Music photography isn’t what it used to be. No more J Jonah Jameson-type magazine editors, chewing on a cigar and sending the staff photographers out with a cast-iron brief of what was required for the next issue. They’ve mostly all had heart attacks and died. These days the creative direction is very much in the hands of the photographers, who have much more control over their work and a lot more freedom to pursue, and initiate, projects of their own. Musicians, too, have a far greater say in how their image is handled.
Even those in the music photography business have a hard time defining their own genre in the 21st Century, but what is clear is that the photographic image plays an ever more integral role in the music biz as a whole. The magazine editorial, once the cornerstone of music photography, is now only one small part of the relationship between music, image and audience. Fan pictures, tour and backstage photography, the band’s own candid snaps — you name it, we can see it via a myriad of distribution channels such as social media, photobooks and zines.

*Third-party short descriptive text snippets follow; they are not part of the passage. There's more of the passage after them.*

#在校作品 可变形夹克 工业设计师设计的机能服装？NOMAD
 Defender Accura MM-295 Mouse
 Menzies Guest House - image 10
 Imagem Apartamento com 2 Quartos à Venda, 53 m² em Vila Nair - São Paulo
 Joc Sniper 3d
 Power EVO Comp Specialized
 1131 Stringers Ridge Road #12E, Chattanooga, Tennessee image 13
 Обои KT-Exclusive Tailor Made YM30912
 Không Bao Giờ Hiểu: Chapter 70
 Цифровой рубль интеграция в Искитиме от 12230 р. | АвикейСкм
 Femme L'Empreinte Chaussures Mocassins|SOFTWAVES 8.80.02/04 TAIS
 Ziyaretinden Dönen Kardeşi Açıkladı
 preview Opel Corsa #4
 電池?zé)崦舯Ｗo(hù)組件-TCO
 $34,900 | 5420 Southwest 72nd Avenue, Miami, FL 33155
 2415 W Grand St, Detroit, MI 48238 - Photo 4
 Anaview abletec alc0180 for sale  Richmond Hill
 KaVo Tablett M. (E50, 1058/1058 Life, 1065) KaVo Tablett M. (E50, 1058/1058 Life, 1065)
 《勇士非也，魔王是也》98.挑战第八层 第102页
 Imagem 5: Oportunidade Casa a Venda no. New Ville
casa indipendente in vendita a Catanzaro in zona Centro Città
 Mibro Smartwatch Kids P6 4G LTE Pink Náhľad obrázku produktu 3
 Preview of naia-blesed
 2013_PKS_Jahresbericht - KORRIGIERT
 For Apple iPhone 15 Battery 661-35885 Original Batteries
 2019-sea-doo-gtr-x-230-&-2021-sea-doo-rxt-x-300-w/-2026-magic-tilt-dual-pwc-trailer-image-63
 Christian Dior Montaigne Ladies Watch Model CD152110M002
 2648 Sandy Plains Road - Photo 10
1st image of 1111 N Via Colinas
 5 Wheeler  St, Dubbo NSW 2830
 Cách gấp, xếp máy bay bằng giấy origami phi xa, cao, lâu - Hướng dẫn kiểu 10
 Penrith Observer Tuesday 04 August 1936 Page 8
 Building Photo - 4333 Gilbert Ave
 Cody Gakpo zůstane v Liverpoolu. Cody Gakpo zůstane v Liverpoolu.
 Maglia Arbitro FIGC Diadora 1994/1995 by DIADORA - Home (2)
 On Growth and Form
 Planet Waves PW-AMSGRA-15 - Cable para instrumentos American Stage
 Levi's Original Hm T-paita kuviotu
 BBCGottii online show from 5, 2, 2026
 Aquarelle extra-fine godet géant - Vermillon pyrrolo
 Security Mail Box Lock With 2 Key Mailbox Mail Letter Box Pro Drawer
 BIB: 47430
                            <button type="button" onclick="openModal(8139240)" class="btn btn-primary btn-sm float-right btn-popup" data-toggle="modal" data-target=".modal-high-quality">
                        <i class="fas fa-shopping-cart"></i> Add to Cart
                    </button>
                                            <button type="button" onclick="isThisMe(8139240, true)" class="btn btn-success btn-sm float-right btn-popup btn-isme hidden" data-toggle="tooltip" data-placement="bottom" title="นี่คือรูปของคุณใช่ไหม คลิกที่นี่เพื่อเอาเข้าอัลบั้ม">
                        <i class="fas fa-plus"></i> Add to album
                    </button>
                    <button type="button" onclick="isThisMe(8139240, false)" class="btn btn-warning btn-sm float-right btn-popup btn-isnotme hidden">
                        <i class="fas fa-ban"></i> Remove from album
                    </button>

The Photographers’ Gallery is bringing the contemporary music photography dynamic into focus with a group show titled We Want More: Image Making and Music in the 21st Century, running at the Brick Lane venue until 20 September. The exhibition runs the gamut; sweaty, blissed out festival fans as captured by Ryan McGinley and Gareth McConnell, Daniel Cohen’s pre-encore backstage insights, commercial commissions and rehearsal room run-throughs all feature, as do a number of music videos directed by stills photographers.